Undoubtedly someone will say in debate that it is on the public record anyway. Yes, it is. Anybody who has been a cabinet minister is on the public record. However it should be clear and concise.
When a person looks up the registration of a particular lobbyist it takes little effort for the person to simply delineate it in the registration. People can then see there is nothing being hidden.
We are asking that even those who have been heavily involved in contributing to political parties disclose that. If an individual donated more than $1,000 in aggregate to political parties during the preceding year, then the amount being donated to each party should be disclosed. Again, this is a matter of public record. During an election campaign major contributors are made public. The lists are available to anyone who asks. All we are saying is this should be readily accessible. It is very important for us to consider these different parts.
Another element in this group has to do with the tiers. As we know there are different levels of lobbyists. There are those who are simply professional lobbyists and work in a professional and client relationship. They get paid. There should no longer be a distinction among the different tiers. In other words, anybody who is there to influence government should be able to and should be required to give disclosure. We would like to say that whoever does it, whatever their level, it should be open. It should not be anything that is withheld from the people of the country.

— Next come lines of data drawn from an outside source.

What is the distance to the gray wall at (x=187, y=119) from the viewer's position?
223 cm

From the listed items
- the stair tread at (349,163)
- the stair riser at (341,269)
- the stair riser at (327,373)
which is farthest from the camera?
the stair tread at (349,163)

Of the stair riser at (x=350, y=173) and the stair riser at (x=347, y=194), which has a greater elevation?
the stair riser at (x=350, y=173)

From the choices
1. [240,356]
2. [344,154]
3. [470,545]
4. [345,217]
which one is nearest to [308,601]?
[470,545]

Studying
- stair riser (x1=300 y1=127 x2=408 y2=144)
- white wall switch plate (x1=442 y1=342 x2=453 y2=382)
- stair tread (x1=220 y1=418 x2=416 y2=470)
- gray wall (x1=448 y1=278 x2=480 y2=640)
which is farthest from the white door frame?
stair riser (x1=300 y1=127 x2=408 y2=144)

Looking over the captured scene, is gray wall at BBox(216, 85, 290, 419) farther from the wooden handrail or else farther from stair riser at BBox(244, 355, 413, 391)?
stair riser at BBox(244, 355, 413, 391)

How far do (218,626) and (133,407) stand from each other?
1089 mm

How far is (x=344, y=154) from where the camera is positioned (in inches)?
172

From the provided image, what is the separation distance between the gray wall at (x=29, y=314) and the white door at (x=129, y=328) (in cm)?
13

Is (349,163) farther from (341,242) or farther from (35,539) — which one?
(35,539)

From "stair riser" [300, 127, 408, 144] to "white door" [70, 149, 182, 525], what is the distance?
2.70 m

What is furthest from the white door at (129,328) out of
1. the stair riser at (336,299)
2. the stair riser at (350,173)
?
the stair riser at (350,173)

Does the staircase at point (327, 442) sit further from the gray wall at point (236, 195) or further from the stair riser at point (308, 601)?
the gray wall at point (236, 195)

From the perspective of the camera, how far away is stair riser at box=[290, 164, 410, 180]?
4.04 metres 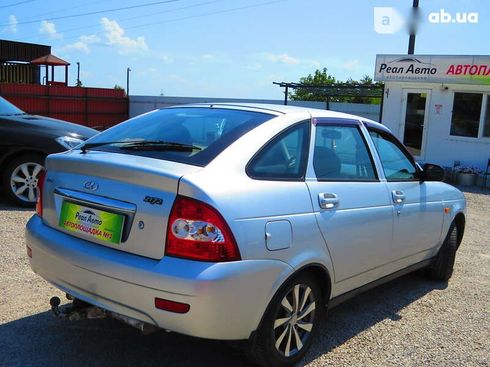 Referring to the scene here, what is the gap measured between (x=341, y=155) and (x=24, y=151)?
16.7 feet

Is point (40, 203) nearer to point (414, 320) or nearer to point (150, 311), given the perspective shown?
point (150, 311)

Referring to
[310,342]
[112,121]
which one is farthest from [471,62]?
[112,121]

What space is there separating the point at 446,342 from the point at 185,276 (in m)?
2.29

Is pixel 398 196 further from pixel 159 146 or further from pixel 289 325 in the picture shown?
pixel 159 146

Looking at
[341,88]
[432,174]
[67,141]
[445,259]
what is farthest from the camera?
[341,88]

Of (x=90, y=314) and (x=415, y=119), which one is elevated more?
(x=415, y=119)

Another element which I think annoys many Canadians and that we can fix in this bill is the disclosure by companies or groups that receive direct government funding. It is really an enigma that we are elected as members of the House of Commons.

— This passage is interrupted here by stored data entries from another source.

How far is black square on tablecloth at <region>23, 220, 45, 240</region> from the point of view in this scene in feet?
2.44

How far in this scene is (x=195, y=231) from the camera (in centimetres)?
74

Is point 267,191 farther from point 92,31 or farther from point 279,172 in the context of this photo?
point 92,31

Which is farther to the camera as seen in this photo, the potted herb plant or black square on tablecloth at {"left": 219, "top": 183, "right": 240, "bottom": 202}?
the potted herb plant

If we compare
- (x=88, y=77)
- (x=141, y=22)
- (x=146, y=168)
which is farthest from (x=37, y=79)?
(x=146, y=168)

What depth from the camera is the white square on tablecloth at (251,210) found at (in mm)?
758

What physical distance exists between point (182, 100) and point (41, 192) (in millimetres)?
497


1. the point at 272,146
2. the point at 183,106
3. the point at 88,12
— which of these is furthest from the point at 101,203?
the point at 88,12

During the campaign I certainly emphasized, and members on the government side said the same thing, that we were proud to represent our constituents. In reading the maiden speeches in Hansard by the 200 members here for the first time in this Parliament, almost every one said: ``I am proud to have been elected by the people in my constituency to represent them
here". That is wonderful. That is the way democracy should work.
It annoys Canadians when the very people they send to represent them are not able to do the job, but their tax dollars go to fund lobby groups to influence high government officials to change government policy. Something is backward. They should use the MPs because they are paying a lot of money to run our offices and to have those people in place. Let them do their jobs or reduce the House of Commons to 20 people. They do not need us if we are not going to do our work.
If there are going to be lobbyists, why should the taxpayers be funding the MPs offices, salaries and pensions and at the same time funding the lobbyists? In our system it appears the lobbyists have a greater influence on government policy than do the members of Parliament.
Therefore, we are proposing as stage one that when funding is received from government it is going to be made public. If any lobbyist individually or through representation by an association or corporation receives direct government funding, that should be disclosed. That is step one.
Hopefully step two would be that when this was sufficiently known, the people of Canada would revolt, of course in a friendly manner, at election time. They will elect Reformers who will say it is the responsibility of the MPs and not the lobbyists to represent the constituents. Hopefully with this openness people will at least become aware and will be able to make a rational decision.
I would have a lot to say about some of the other amendments as well since I have been working on this for a year. However, I realize my time is up and I will yield the floor now to other colleagues who will speak on some other matters.